During the trial, appellees failed to present in evidence the original USTWs, but presented at least 29 debit advised which arrived one after another from July 1983 to May, 1986. Based on these debit advices, appellee insists that it be reimbursed by appellant on the ground that the encashments of the USTWs resulted in substantial losses to the bank. This argument, however, must fail since appellee brought such losses upon itself on account of its own gross negligence and the extraordinary carelessness of its own employees. 'Banks handle daily transactions involving millions of pesos. By the very nature of their work, the degree of responsibility, care and trustworthiness expected of their employees and officials is far greater than those of ordinary clerks and employees.'

Apropos is the ruling in Metropolitan Bank and Trust Company vs. Court of Appeals, where the bank, which had allowed withdrawals from the uncleared treasury warrants in the total amount of P968,000.00, was held not entitled to reimbursement because the losses were due to its own negligence.

By contrast, Metrobank exhibited extraordinary carelessness. The amount involved was not trifling - more than one and a half million pesos (and this was 1979). There was no reason why it should not have waited until the treasury warrants had been cleared; it would not have lost a single centavo by waiting. Yet, despite the lack of such clearance -and notwithstanding that it had not received a single centavo from the proceeds of the treasury warrants, as it now repeatedly stresses - it allowed Golden Savings to withdraw - not once, not twice, but thrice -from the uncleared treasury warrants in the total amount of P968,000.00.

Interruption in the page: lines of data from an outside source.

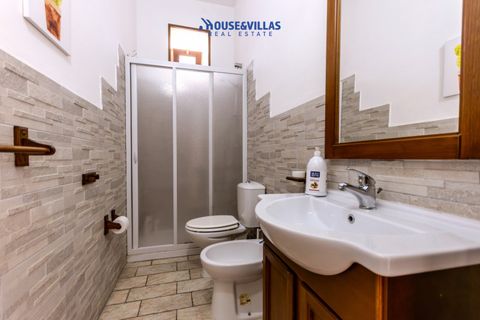 Villa a Noto, Siracusa, Noto - € 130.000 | Ref: 1278 - foto 16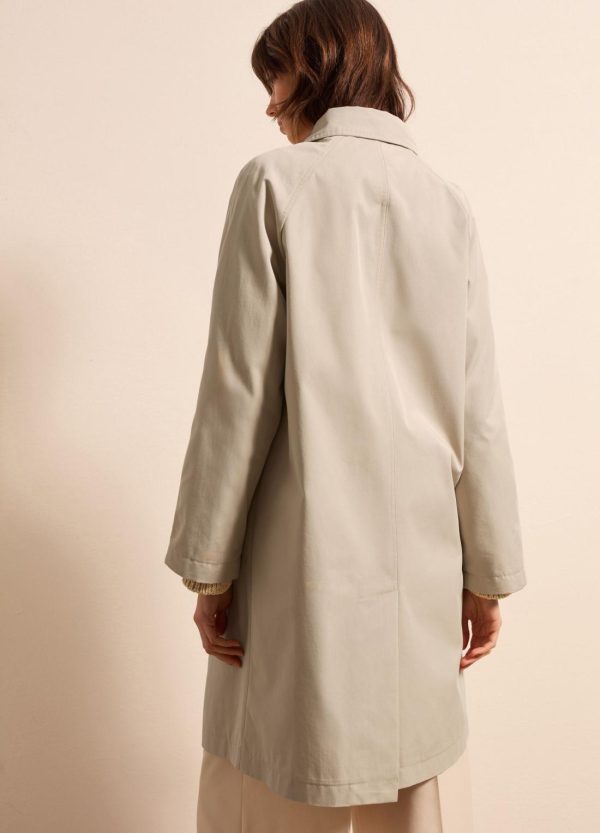 Zerosolano.shop8f4ef42850 4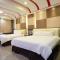 Xianfeng B&B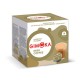GIMOKA Irish Coffee капсули съвместими с Dolce Gusto® 16 бр
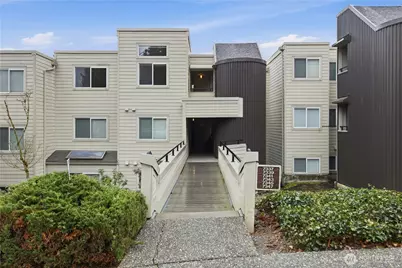 7339 Old Redmond Road #118, Redmond, WA 98052 - Photo 1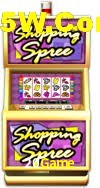 Live Casino 20Game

Furthermore, there is no cogent basis for the application of the doctrine of unjust enrichment which simply means that 'a person shall not be allowed to benefit or enrich himself inequitably at another's expense.' The requirements to warrant the application of the said doctrine are absent in the case before Us. Appellant denies having profited or benefited, in any manner or amount, from the series of transactions involving the USTWs. She insists that, upon receiving the peso equivalent of the USTWs, she immediately turned them over to Tutica who in turn delivered them to the Que spouses. This was confirmed by Tutica when, in her deposition submitted to the court a quo, she declared that appellant never received anything. In fact she refused to get her share in the commissions on the transactions involving the USTWs.

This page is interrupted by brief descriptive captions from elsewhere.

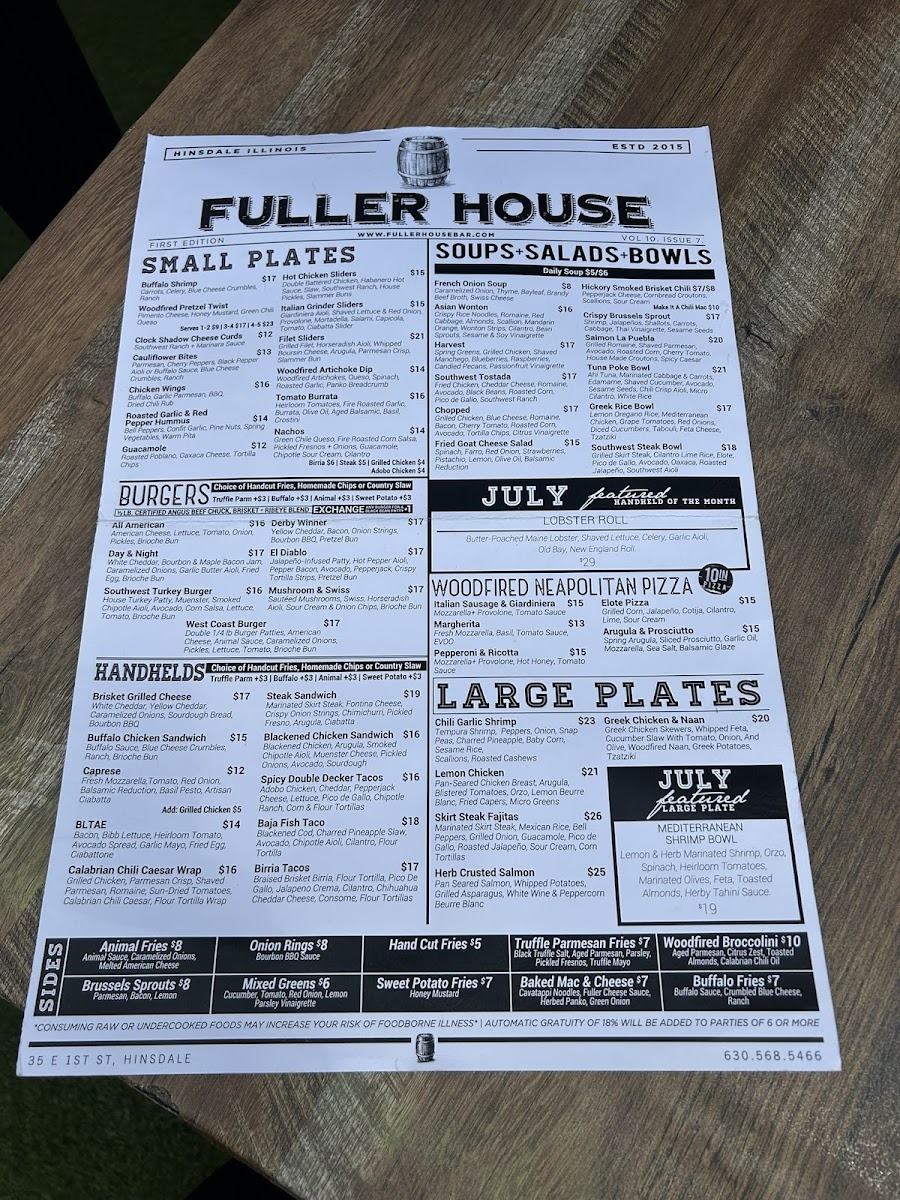 Fuller House - 2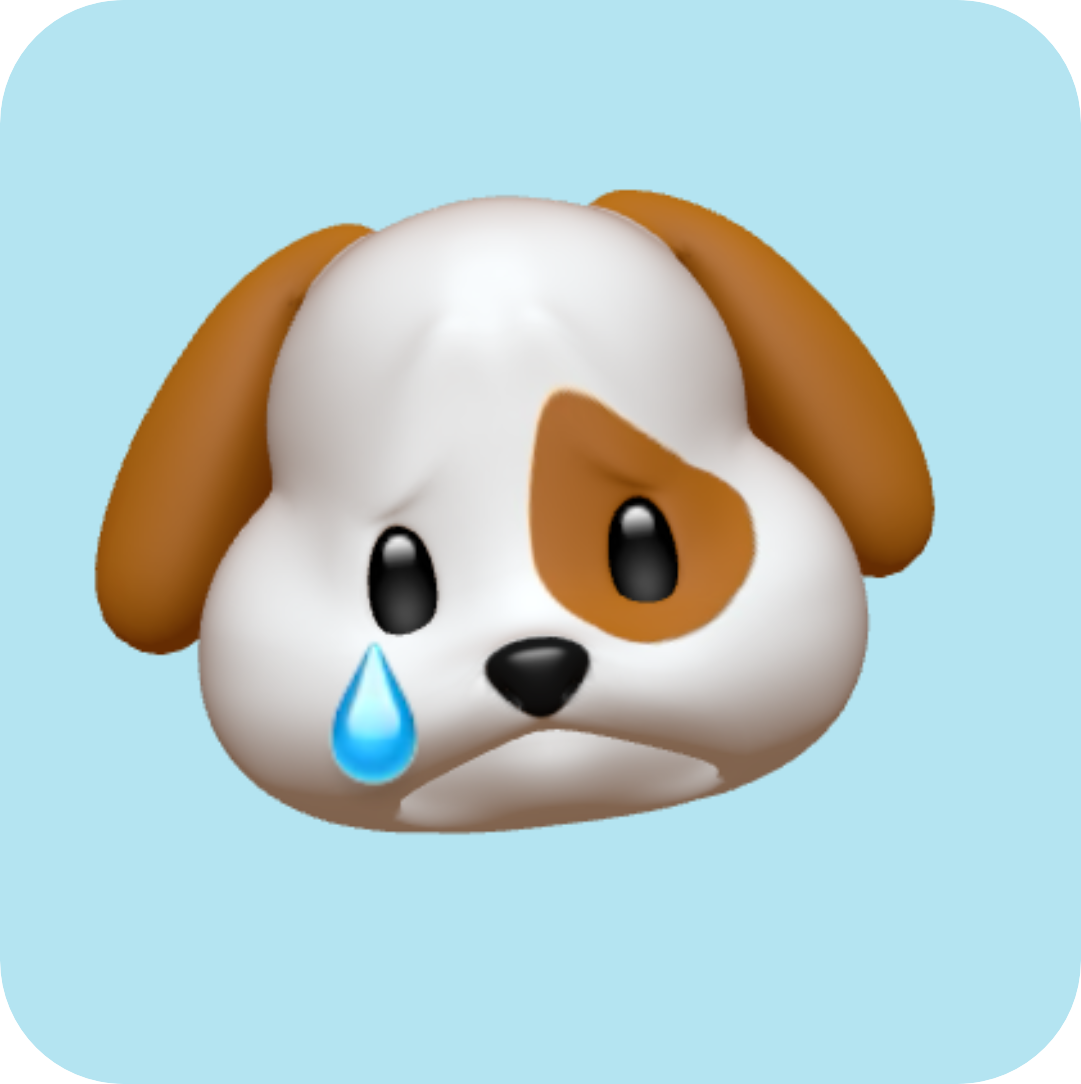 Hunde Gerausche App Fur Angst Klienten Lese Lern Hund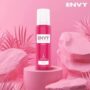 Envy Pout Deo 120Ml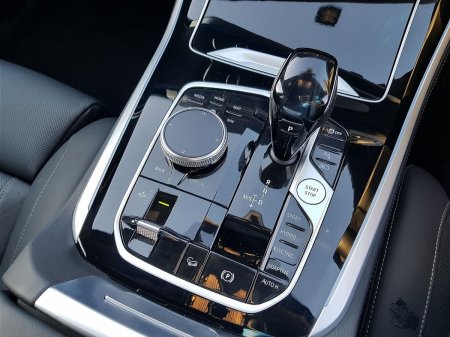2021 BMW X5 - photo 10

This being the case, it would be the height of injustice and inequity if appellant, who never benefited by even a single centavo from the transactions involving the USTWs, would still be required to reimburse appellee for the losses which it brought upon itself through its own gross negligence.

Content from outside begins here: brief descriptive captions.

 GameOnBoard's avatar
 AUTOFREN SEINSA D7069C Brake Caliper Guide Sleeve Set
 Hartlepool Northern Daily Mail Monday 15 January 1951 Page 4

Finally, the treasury warrants are non-negotiable instruments, it being indicated therein that they are payable from a particular fund, in this case, the US Treasury. Accordingly, the order or promise to pay is 'not unconditional' with the result that appellee cannot hold appellant liable on her indorsements of said USTWs, said indorsements having been made solely for the purpose of complying with the requirement of the bank and not to serve as a warranty that the treasury warrants were 'genuine and in all respects what they purport to be' in accordance with Sec. 66 of the Negotiable Instruments Law.

Anent the prayer for the cancellation of the promissory notes and real estate mortgages, there is sufficient factual and legal justification therefor, it having been duly proved that they were constituted as a consequence of the wrongful assumption that the appellant was the one liable for the dishonored treasury warrants. Since it is already established otherwise and that it is appellee who should instead bear the losses, the contracts pertaining to the loans and real estate mortgages should be nullified and declared of no force and effect, x x x[10]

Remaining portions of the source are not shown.